Deformation and Stress Analysis of the Deepwater Steel Lazy Wave Riser Subjected to Internal Solitary Waves

The dynamic response of the steel lazy wave riser (SLWR) subjected to the internal solitary wave is a key to assessing its application feasibility. The innovation of this paper is to study the dynamic response properties of the SLWR with large deformation characteristics under internal wave excitation. A numerical scheme of the SLWR is constructed using the slender-rod theory, and the internal solitary wave (ISW) with a two-layer seawater model is simulated by the extended Korteweg-deVries equation. The finite element method combined with the Newmark-β method is applied to discretize the equations and update the time integration.

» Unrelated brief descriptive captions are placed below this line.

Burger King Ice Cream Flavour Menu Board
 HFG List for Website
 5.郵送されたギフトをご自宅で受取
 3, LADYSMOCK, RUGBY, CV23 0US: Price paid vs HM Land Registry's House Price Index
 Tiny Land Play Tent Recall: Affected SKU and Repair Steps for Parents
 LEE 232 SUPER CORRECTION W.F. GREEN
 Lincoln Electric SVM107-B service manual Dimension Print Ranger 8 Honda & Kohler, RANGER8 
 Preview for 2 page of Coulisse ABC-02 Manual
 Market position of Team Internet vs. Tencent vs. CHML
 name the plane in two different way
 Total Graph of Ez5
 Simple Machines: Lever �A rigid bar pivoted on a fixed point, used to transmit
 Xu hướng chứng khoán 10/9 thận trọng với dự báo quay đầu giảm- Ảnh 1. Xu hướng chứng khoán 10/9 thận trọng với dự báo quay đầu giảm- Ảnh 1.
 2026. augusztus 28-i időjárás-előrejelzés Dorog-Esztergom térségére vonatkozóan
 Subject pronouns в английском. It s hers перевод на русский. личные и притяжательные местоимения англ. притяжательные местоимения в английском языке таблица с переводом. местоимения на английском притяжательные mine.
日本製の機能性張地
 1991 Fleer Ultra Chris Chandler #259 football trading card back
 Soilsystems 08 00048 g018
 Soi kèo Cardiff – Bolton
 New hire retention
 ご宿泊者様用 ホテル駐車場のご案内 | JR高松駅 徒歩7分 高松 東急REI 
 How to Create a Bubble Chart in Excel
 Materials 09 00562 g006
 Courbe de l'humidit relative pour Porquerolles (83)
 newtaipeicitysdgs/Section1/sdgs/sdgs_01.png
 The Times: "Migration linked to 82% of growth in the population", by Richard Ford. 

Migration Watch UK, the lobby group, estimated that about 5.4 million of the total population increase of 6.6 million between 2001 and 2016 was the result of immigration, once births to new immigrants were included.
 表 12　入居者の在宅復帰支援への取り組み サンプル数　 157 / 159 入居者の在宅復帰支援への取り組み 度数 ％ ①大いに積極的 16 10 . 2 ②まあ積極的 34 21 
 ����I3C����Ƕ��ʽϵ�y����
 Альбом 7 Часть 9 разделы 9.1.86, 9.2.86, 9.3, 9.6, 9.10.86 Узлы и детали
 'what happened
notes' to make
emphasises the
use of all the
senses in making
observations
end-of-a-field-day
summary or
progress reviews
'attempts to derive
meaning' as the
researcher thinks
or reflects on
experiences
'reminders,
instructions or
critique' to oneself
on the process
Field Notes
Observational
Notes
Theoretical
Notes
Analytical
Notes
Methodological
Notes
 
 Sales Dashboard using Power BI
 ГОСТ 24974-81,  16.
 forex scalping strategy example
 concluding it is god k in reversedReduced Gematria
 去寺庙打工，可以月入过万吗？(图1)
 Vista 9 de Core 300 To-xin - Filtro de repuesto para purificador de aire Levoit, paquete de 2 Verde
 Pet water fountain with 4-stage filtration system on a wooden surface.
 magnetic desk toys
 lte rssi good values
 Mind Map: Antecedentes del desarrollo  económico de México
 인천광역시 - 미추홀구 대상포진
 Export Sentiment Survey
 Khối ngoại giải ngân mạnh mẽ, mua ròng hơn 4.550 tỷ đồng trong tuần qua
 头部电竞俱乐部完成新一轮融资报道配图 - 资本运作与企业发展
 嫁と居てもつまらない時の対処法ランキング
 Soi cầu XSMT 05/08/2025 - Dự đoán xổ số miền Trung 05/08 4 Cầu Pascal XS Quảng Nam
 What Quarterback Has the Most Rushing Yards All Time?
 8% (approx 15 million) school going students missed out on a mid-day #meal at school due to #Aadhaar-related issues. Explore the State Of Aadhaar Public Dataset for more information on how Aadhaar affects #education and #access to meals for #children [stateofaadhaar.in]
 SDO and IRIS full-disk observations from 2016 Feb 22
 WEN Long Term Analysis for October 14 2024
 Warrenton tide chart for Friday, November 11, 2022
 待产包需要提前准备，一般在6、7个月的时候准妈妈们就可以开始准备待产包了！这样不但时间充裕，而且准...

The ISW excitation combined with vessel motion on the dynamic deformation and stress of the SLWR is investigated, and extensive simulations of the ISW parameters, including the interface depth ratio and density difference, are carried out. Case calculation reveals that the displacement of the riser in the lower interface layer increases significantly under the ISW excitation, and the stresses at a part of both ends grow evidently. Moreover, the mean value of riser responses under a combination of vessel motion and ISW coincides with the ISW-induced ones. Furthermore, the dynamic responses along the whole riser, including the displacement amplitudes, bending moment amplitudes, and stress amplitudes, almost increase with the increase in interface depth ratios and density differences.